Question

A set of exam scores is normally distributed and has a mean of 79.4 and a standard deviation of 11. What is the probability that a randomly selected score will be greater than 54.1? Answer = (round to four decimal places) Note: Be careful...only use the Z Table here and round z scores to two places since that’s what the table uses...do not use technology or the 68-95-99.7 Rule.

Answer 1

There is a 98.93% probability that a randomly selected score will be greater than 54.1.

Explanation:

Problems of normally distributed samples can be solved using the z-score formula.

In a set with mean
`\mu` and standard deviation
`\sigma`, the zscore of a measure X is given by:

`Z = (X - \mu)/(\sigma)`

The Z-score measures how many standard deviations the measure is from the mean. After finding the Z-score, we look at the z-score table and find the p-value associated with this z-score.
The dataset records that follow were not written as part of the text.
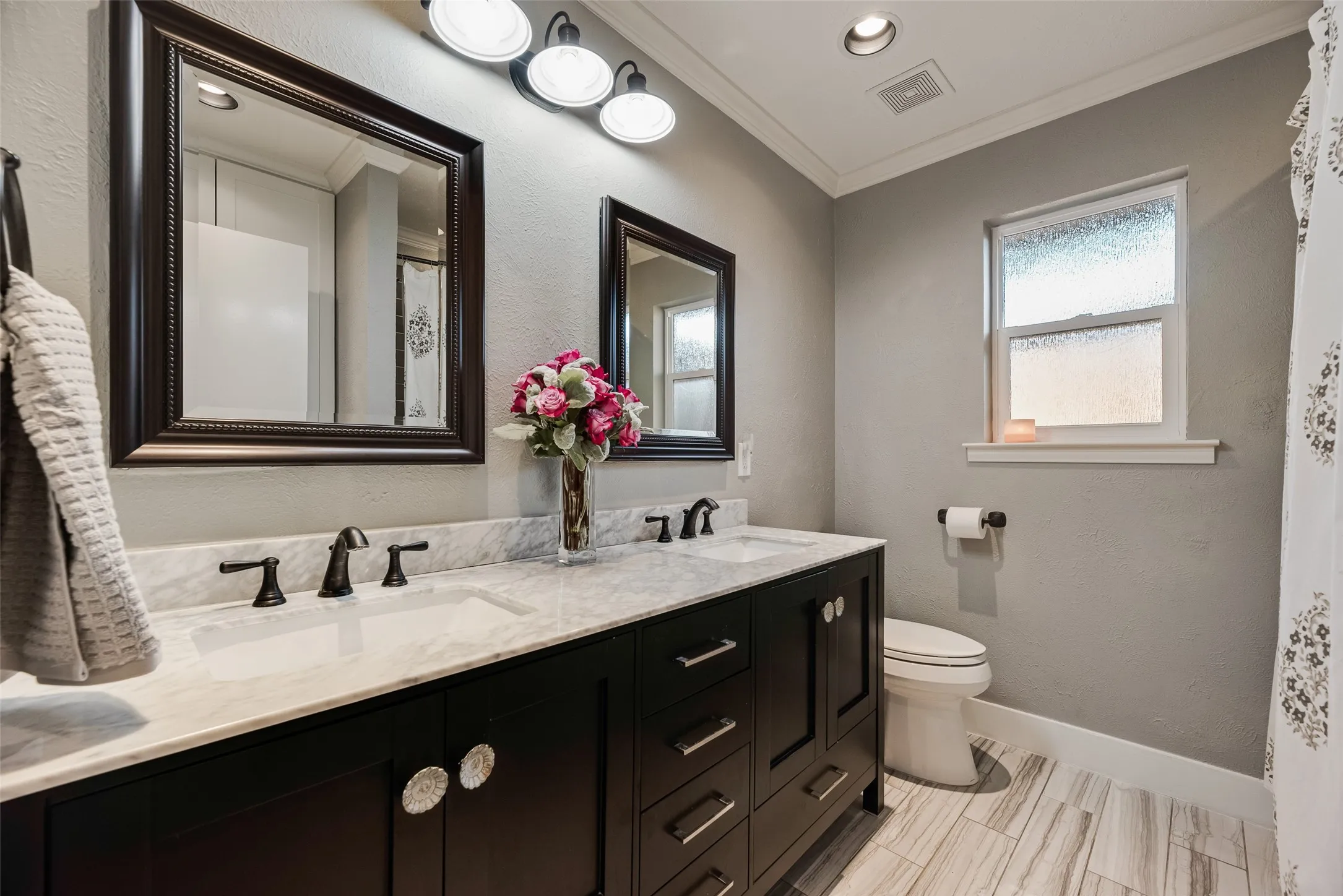 Single Family Residence For Sale in Collin County , 416 High Brook Drive, Richardson, Texas 75080, 4 Bedroom, 3 Bathroom, 2 Garage spaces, 2,334 Sqft, built in 1969, mls#21411285, Real Estate Agent in Richardson, Homes For Sale in Collin county, Homes For Sale in Richardson, Realtor in Richardson Texas, Real Estate Brokerage Independent Realty Texas, Luminita Cordes Realtor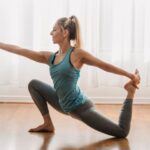 Runner's lunge, right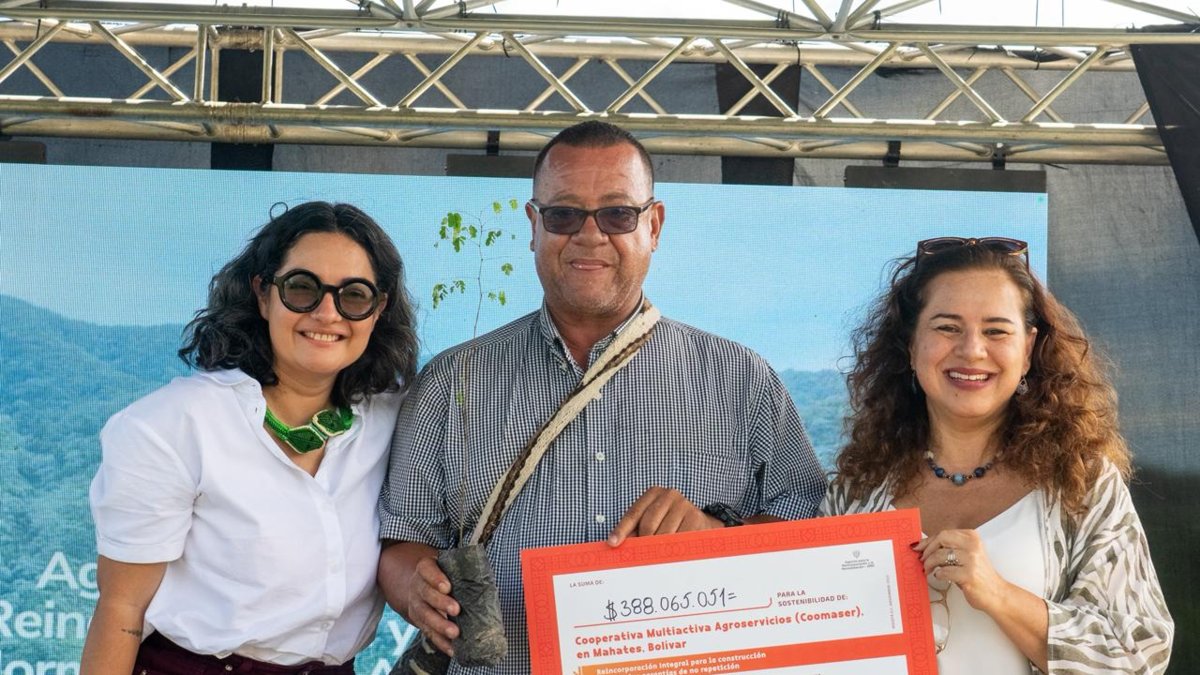 en Sucre, 119 familias de excombatientes que cambiaron fusiles por arado reciben recursos para proyectos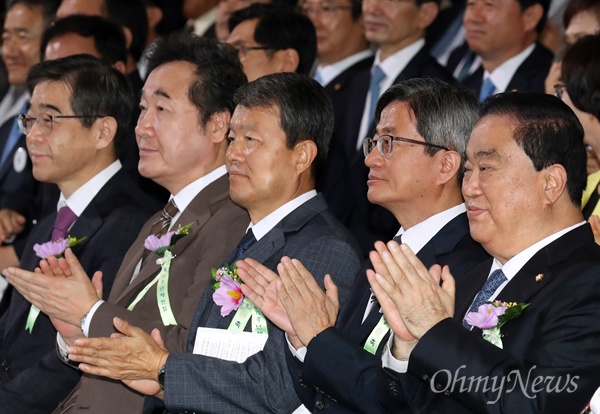 문희상 국회의장 등 5부 요인이 17일 서울 여의도 국회 로텐더홀에서 열린 제70주년 제헌절 경축행사에 참석하고 있다. 오른쪽부터 문 의장, 김명수 대법원장, 이진성 헌법재판소장, 이낙연 국무총리, 권순일 중앙선거관리위원장. 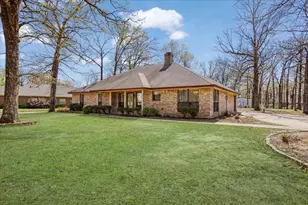 225 Red Oak Ln, Powderly, TX 75473 - Photo 2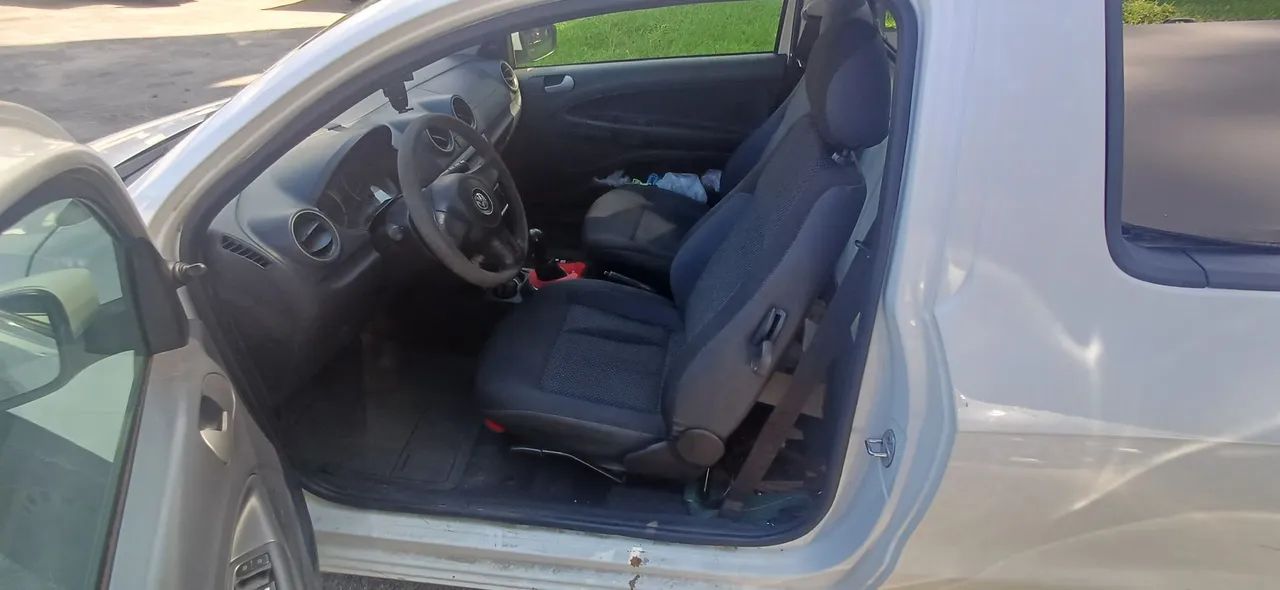 Volkswagen Saveiro Startline 1.6 T.flex 8V 2015 - Foto 3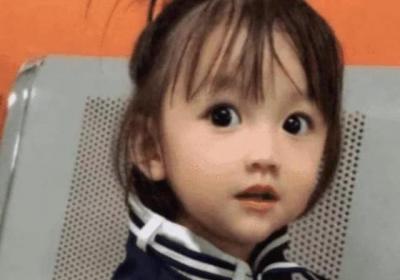 小女孩因太漂亮遭质疑为假人（小女孩因太漂亮被质疑是假人）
This p-value is the probability that the value of the measure is smaller than X, that is, the percentile of X. Subtracting 1 by the pvalue, we get the probability that the value of the measure is greater than X.

In this problem, we have that:

A set of exam scores is normally distributed and has a mean of 79.4 and a standard deviation of 11. This means that
`\mu = 79.4, \sigma = 11`.

What is the probability that a randomly selected score will be greater than 54.1?

This probability is 1 subtracted by the pvalue of Z when
`X = 54.1`.

`Z = (X - \mu)/(\sigma)`

`Z = (54.1 - 79.4)/(11)`

`Z = -2.3`

`Z = -2.3` has a pvalue of 0.0107.

This means that there is a 1-0.0107 = 0.9893 = 98.93% probability that a randomly selected score will be greater than 54.1.